Repetitive testing for friction compensation was performed on the hip and knee joints. As the load in the shoulder joint was very small, the friction in the shoulder joint was considered negligible. When the friction of the hip joint was tested, the knee drive was locked. The currents from the joint motors were recorded and used to calculate the torques from the joint drives. The torques and angular speeds were filtered using a 3rd-order Butterworth digital filter, and finally the friction compensators for the hip and knee joints were obtained.
With the gravity and friction compensators, the hip and knee joints ran in force-free mode, meaning that the leg rig theoretically moved without any influence from gravity or joint friction.
Based on the above force-free model, a feedback impedance controller [Figure 2] was developed,
where K and B are the linear coefficients for elasticity and viscosity, respectively. The actual joint trajectory was recorded by a position sensor integrated in the motor. The difference between the actual trajectories and the target trajectories, θerror, was fed into the impedance controller, resulting in an extra torque Timp. As gravity and friction were well compensated, θerror under these circumstances primarily came from the user's active movement, in addition to minor factors such as mechanical inertia of the rig, the user's segment inertia, and the passive elastic/viscous joint moments (Riener and Edrich, 1999). The impedance controller worked as a virtual spring-damper system that constrained the joint to follow the target trajectory. If the user exerted volitional force on the rig, the force was applied on an analog spring-damper system. The force-free controller and the impedance controller combined to produce flexible movement in the system.
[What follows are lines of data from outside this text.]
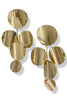 Sienna Gold Round Disc Fringe Earrings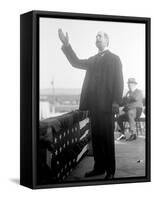 Charles Evans Hughes campaigning in presidential election, 1916-Harris & Ewing-Framed Stretched Canvas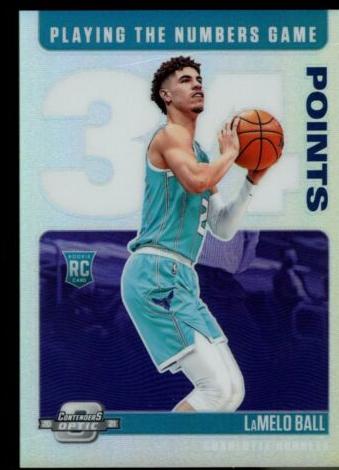 2020 Panini Contenders Optic Basketball LaMelo Ball #18 PSA 9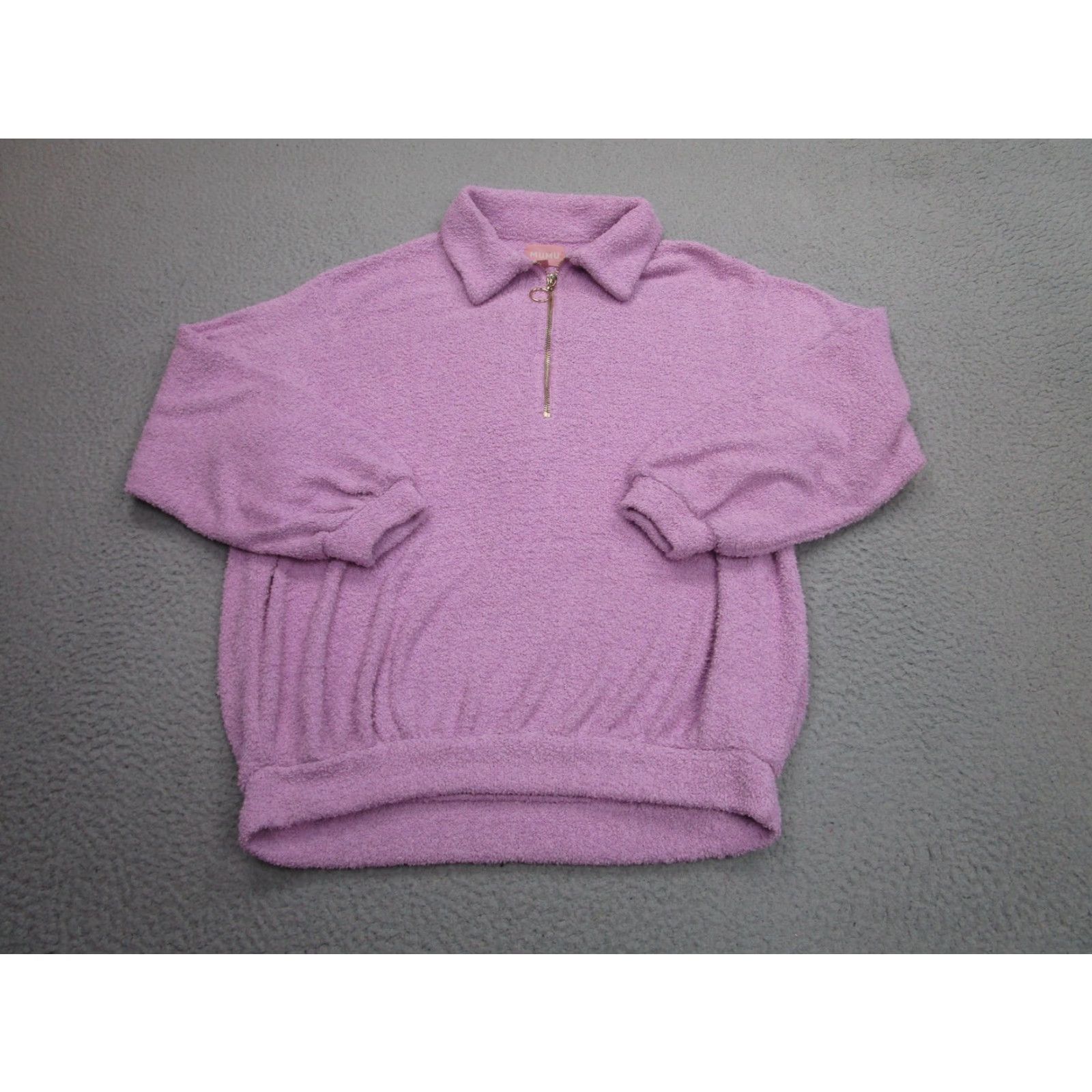 Show Me Your MuMu Show Me Your Mumu Sweater Womens M Purple Sadie Set 1/4 Zip Collared Pullover Size M / US 6-8 / IT 42-44 - 2 Thumbnail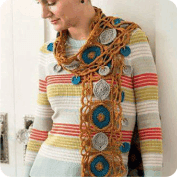 Bufanda de carpetitas a Crochet Bufanda de carpetitas a Crochet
Experimental evaluation of the aROWAS system
Two tests were performed to evaluate performance: a preliminary test on the aROWAS system to assess the performance of the force-free and impedance controllers, and a formal test with able-bodied volunteers using the aROWAS system. During the latter, we collected user feedback and recorded interlimb muscle activity. Ethical approval was obtained from the Ethics Committee at the Med-X Research Institute, Shanghai Jiao Tong University (Shanghai, China; December 17, 2017). Written informed consent was obtained from the three volunteers prior to participation.
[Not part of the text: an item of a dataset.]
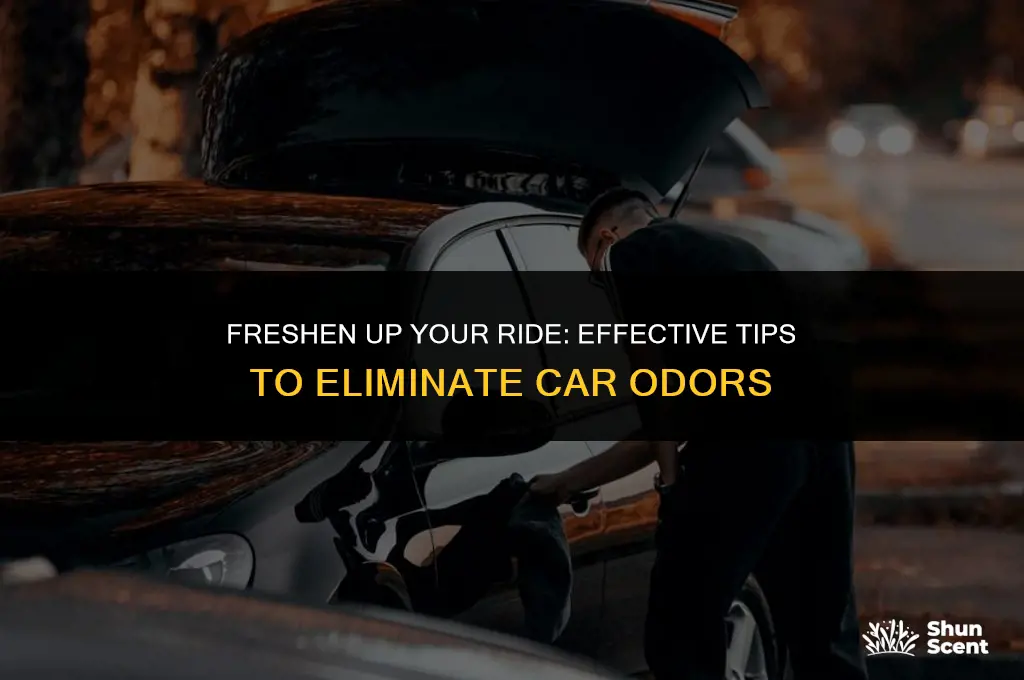 how to get rid car odors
During testing, the aROWAS system was in an upright position. The pre-defined walking parameters (reference) for the rigs were the normal walking trajectories recorded in our previous study (Fang et al., 2016). The gait period of the reference was 5 seconds. Because stable support was required during the tests with volunteers, the actuators for the bilateral ankle joints were locked in an upright standing position during the whole test. The shoulder, hip, and knee joints on the right side always ran in passive mode, i.e., tracking the predefined trajectories as described above. In contrast, the left side of the system ran in passive, force-free, and impedance modes during the test.
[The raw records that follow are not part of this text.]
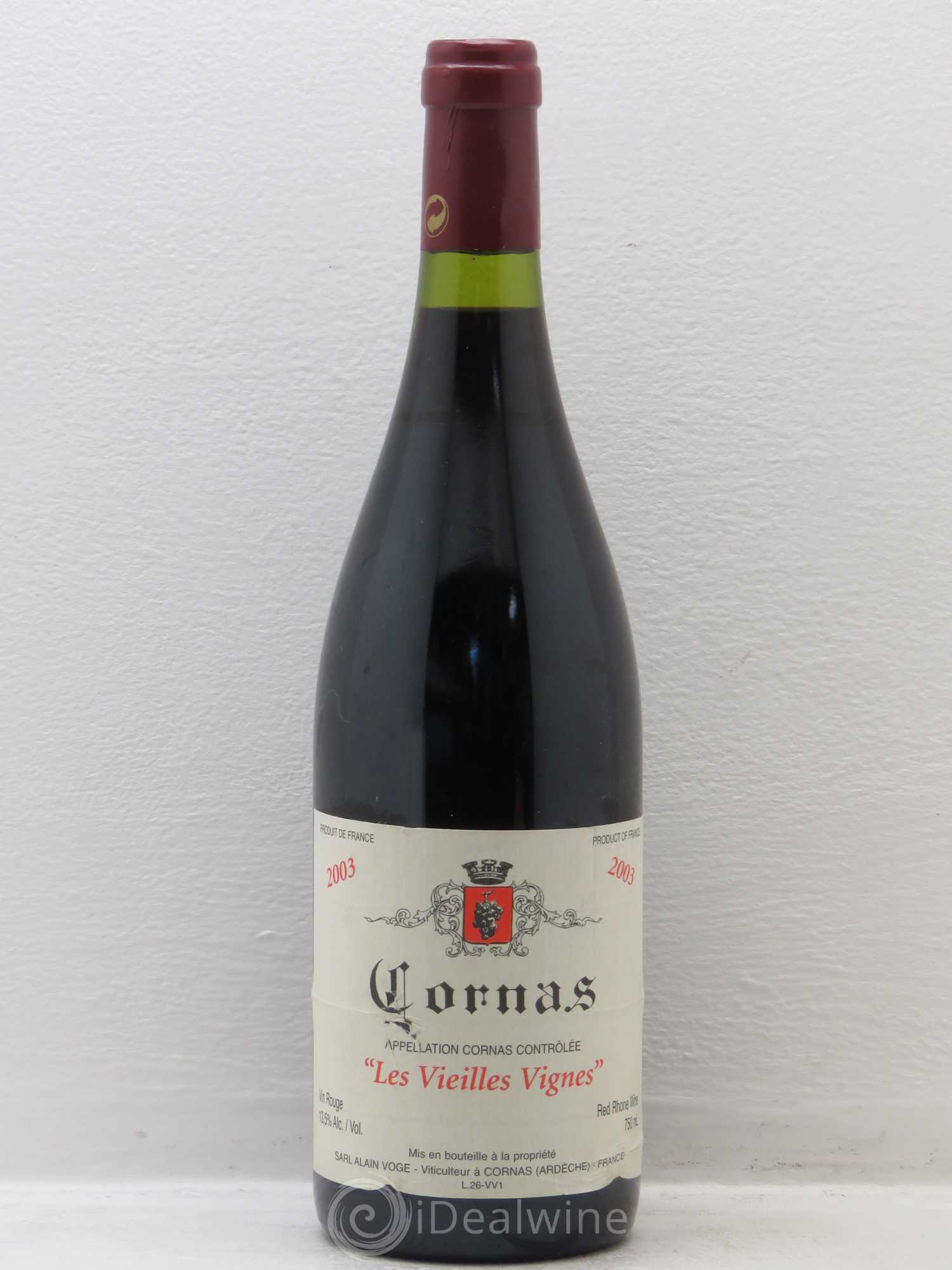 Cornas Les Vieilles Vignes Alain Voge (Domaine) 2003 - Lotto di 1 bottiglia - 0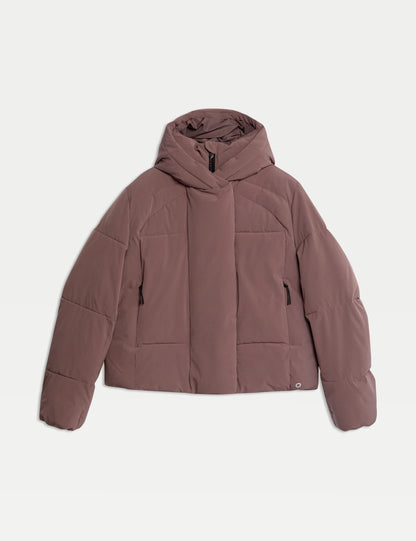 Stormwear Kapüşonlu Kısa Puffer Ceket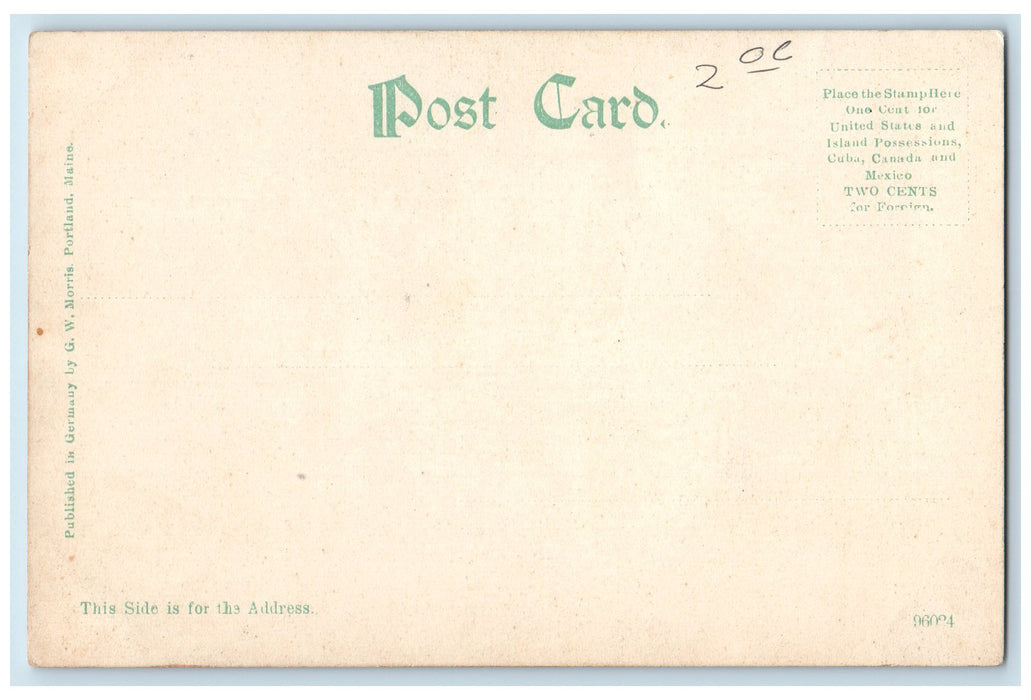 c1905 Board Of Trade Building Dirt Road Railway Jacksonville Florida FL Postcard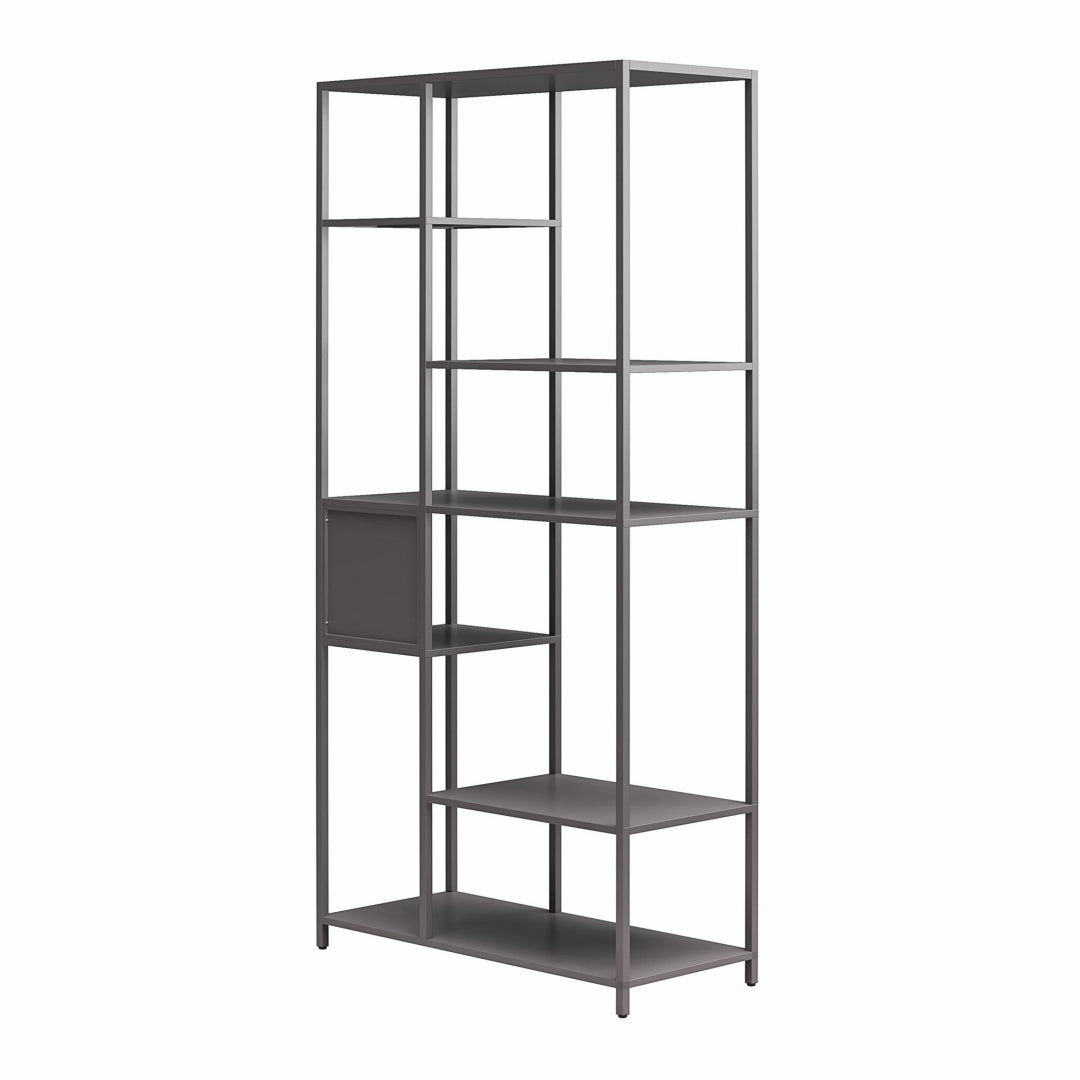 Mission District Metal Bookcase Room Divider Furniture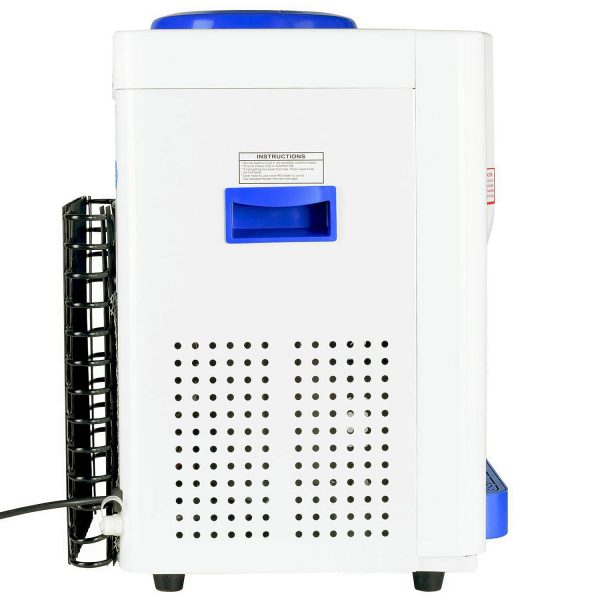 Haier Table Top Water Dispenser with Hot, Normal and Cold Tap, White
The preliminary test on the physical aROWAS system without any users aimed to evaluate the feasibility of running the system in the three different modes. In passive mode, the left shoulder, hip, and knee joints tracked the reference trajectories. In impedance mode, these three joints ran the control algorithms [Figure 2] using the same reference. In force-free mode, the left shoulder drive still ran the impedance controller, while the left hip and knee joints had gravity and friction compensated for, as shown in the rectangular frame in [Figure 2]. A disturbance force was applied to the rigs by manually pushing a force sensor. In passive and impedance modes, an external force was exerted on the middle of the shank during the stance phase when the rig was performing the reference walking pattern. In force-free mode, the leg rig was manually adjusted to an upright position. To test only the hip joint, the knee joint was locked before an external force was applied at the middle of the thigh. Similarly, when testing the knee joint, a force was applied to the middle of the shank rig while the hip joint was locked. The joint angles and motor currents were measured during all tests, and the disturbance force was recorded using a force sensor (JLBM100, 1 kN, Zhongwan Sensor Co., Ltd., Bengbu, China).
Three able-bodied volunteers were recruited for the second test [Table 1]. Sixteen electromyography (EMG) electrodes were attached bilaterally on eight muscles of the upper and lower limbs: biceps brachii (BB), triceps brachii (TB), deltoid (DT), vastus medialis (VM), rectus femoris (RF), biceps femoris (BF), tibialis anterior (TA), and gastrocnemius medialis (GM). The specific positions were determined as described in Winter and Yack (1987). The targeted skin areas were cleaned with alcohol to reduce contact impedance. EMG signals were collected at 1927 Hz with a bandwidth of 20–450 Hz using a commercial EMG system (Trigno™ Wireless system, Delsys Inc., Natick, MA, USA).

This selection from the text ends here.